§ **HOW TO COMPLETE THIS TASK**
Copy nothing but the text: reproduce each line of the listing exactly and leave the pictures out.

§ **AVAILABLE DATA**
____________________

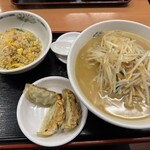 日高屋 - 料理写真:味噌ラーメン+半チャーハン+餃子3個セット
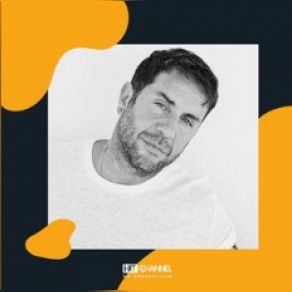 ESSENTIAL HITS album cover
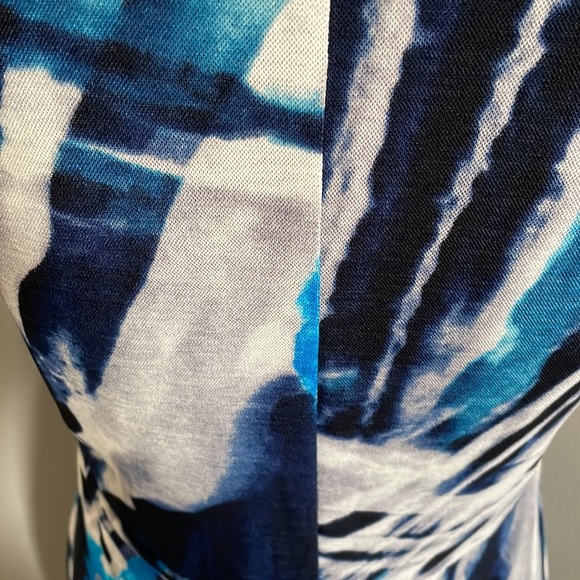 Adrianna Papell tie die blue dress perfect - Picture 7 of 9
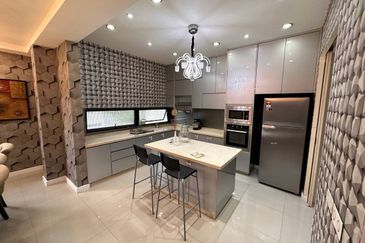 Mozart, Symphony Hills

____________________

§ **EXERCISE SOLUTION**
 日高屋 - 料理写真:味噌ラーメン+半チャーハン+餃子3個セット
 ESSENTIAL HITS album cover
 Adrianna Papell tie die blue dress perfect - Picture 7 of 9
 Mozart, Symphony Hills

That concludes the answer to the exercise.